Zhai Guiyun: Yes, English truly originated in ancient China. Many people teaching English in China have discovered that you can learn English using the so called "memorizing-through-association" method. Actually, it's because so-called "ideographic" and "implied" meanings [of words] are very close in English and Chinese. The first to research this matter in a systematic way was Professor Li Guofang 李国防, from [Baishui 白水 County, Shaanxi Province, purportedly] the hometown of Cang Jie 仓颉 [the mythical creator of Chinese characters], who has studied this for more than 20 years and discovered that the ideographic and implied meanings of English words, and even their pronunciation, are the same or close to Chinese. For example:
Yellow: It is the color of fallen leaves [yèluò 叶落] in autumn, in English the pronunciation is almost "yeluo (-lu)".
Shop: In English the pronunciation is basically that of Chinese shāngpù 商铺 ['shop'].
Heart, head: These are people's most core [héxīn 核心] organs, so the English pronunciation directly takes its meaning from Chinese: the core's [hé de 核的]… just slightly changing the sound.
(Such core-themed etymology is, incidentally, adequate to the New Era declared by CCP Secretary General Xi Jinping, which has him as the Core (héxīn 核心) of the Party.)

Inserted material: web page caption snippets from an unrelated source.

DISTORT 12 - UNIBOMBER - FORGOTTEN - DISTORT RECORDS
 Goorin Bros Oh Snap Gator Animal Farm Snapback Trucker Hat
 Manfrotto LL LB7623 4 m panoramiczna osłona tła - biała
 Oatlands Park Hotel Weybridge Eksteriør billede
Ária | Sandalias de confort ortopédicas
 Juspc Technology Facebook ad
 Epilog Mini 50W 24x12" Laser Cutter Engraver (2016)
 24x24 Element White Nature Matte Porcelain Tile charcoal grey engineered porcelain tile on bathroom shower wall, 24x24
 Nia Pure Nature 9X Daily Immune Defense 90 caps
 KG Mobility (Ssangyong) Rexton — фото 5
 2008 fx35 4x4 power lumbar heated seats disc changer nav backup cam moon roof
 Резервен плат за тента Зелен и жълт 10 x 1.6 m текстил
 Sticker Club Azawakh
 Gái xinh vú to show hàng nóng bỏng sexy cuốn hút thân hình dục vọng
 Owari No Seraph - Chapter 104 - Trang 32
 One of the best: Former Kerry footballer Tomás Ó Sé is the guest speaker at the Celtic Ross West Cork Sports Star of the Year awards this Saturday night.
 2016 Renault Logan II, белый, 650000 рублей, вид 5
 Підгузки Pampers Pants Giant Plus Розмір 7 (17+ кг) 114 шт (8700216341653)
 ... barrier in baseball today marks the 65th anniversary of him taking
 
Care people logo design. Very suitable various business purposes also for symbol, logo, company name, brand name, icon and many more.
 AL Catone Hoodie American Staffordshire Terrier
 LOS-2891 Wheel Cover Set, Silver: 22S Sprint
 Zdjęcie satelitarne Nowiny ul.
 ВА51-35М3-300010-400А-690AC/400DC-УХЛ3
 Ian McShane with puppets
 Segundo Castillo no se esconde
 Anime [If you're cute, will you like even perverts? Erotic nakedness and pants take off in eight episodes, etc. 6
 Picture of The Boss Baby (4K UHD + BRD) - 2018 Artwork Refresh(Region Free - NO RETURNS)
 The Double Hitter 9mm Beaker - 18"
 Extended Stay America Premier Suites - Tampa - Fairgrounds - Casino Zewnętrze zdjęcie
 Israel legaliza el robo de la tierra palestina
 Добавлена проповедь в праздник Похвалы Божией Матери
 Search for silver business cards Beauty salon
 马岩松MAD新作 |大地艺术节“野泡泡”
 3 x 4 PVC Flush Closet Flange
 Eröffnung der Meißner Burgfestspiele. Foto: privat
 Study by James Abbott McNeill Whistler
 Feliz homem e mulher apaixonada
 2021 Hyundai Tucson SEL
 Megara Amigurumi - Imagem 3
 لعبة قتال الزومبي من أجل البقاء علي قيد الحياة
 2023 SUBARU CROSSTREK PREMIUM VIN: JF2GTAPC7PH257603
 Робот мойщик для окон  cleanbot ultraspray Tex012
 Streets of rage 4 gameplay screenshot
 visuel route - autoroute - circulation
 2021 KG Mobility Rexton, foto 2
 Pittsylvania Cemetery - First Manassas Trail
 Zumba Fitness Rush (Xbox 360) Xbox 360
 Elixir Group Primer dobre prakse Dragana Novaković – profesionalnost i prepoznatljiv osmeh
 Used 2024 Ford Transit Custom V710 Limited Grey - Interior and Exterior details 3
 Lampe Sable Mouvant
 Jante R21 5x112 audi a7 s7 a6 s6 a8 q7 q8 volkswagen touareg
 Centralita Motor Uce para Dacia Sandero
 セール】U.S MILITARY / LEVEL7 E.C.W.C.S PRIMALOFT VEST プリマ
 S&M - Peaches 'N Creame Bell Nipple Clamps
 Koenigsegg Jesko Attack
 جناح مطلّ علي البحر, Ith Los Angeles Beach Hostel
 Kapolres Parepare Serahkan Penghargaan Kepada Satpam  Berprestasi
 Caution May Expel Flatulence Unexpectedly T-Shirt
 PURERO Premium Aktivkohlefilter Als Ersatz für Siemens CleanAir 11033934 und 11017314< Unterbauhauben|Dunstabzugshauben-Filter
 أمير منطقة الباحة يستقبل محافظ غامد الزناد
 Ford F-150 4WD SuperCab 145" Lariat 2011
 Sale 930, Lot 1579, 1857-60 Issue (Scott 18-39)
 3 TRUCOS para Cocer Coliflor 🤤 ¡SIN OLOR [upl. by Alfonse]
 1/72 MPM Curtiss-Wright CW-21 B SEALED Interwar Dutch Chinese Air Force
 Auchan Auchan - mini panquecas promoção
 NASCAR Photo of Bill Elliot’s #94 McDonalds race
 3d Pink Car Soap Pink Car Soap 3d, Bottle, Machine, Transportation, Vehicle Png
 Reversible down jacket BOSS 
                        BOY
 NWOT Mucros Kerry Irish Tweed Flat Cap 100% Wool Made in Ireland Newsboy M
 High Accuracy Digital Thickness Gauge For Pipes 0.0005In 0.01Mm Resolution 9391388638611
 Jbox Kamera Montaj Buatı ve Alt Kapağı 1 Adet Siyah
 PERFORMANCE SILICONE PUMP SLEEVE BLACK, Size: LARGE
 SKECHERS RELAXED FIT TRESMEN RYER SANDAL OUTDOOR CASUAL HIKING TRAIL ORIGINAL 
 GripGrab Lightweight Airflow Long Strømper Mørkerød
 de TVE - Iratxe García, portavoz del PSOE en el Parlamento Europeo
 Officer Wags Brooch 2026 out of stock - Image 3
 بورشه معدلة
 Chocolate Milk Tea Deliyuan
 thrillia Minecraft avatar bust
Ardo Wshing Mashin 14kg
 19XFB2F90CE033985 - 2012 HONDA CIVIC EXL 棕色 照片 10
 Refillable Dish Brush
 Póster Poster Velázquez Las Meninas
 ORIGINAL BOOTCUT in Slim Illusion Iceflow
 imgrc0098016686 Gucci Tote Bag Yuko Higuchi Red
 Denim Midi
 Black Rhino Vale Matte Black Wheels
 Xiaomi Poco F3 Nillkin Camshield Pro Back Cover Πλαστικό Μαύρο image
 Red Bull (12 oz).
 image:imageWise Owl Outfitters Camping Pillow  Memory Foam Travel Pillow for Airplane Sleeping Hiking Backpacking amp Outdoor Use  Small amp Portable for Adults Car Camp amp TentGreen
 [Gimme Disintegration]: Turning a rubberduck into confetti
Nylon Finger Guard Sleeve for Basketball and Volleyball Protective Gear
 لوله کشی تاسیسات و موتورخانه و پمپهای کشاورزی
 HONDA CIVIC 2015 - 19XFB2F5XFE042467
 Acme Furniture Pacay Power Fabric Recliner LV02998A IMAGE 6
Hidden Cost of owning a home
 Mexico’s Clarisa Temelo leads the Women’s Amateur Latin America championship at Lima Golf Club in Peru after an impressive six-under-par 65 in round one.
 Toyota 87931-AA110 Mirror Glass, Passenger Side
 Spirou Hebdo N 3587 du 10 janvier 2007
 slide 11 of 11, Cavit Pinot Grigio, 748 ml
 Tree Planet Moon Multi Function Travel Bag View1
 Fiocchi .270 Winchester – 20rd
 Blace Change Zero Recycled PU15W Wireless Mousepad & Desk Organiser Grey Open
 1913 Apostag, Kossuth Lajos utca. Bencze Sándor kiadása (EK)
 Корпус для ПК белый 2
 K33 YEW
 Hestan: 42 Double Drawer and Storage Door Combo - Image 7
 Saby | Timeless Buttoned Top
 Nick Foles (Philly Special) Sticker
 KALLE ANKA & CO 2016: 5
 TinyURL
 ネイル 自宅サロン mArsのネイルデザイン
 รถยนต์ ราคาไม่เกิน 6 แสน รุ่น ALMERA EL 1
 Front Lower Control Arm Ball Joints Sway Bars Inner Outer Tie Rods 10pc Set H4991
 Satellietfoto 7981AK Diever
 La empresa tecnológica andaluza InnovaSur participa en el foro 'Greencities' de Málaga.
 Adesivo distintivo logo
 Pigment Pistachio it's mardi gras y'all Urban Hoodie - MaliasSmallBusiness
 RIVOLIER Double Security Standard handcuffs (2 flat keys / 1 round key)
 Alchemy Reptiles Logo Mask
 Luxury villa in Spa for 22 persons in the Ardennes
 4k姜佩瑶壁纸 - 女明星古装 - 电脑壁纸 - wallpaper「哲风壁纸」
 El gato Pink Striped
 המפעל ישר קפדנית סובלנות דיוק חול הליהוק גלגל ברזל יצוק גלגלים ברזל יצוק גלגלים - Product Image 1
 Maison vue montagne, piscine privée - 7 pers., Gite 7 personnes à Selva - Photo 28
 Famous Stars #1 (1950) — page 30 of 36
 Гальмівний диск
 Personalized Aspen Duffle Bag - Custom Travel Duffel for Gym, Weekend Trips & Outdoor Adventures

Li Guofang himself was also at the event hyped in the Sina article. While details about his professorship are not immediately available to us, more displays of his etymological erudition are available on the Sinology English (Guóxué Yīngyǔ 国学英语) website, owned by Li's company Henan Cangjie Education Information Consulting Co., Ltd (Hénán Cāngjié Jiàoyù Xìnxī Zīxún Yǒuxiàn Gōngsī 河南仓颉教育信息咨询有限公司), of Xinxiang 新乡, Henan Province. (The term Guoxue, translated as 'Sinology' in the name of the website, literally means 'national learning'; ironically perhaps, the term was borrowed from Japanese (pronounced kokugaku), where it had been used for centuries. Cf. Arif Dirlik, "Guoxue/National Learning in the Age of Global Modernity"; and, on Sinitic terms reentering Chinese through Japanese, Victor Mair, "East Asian round-trip words.")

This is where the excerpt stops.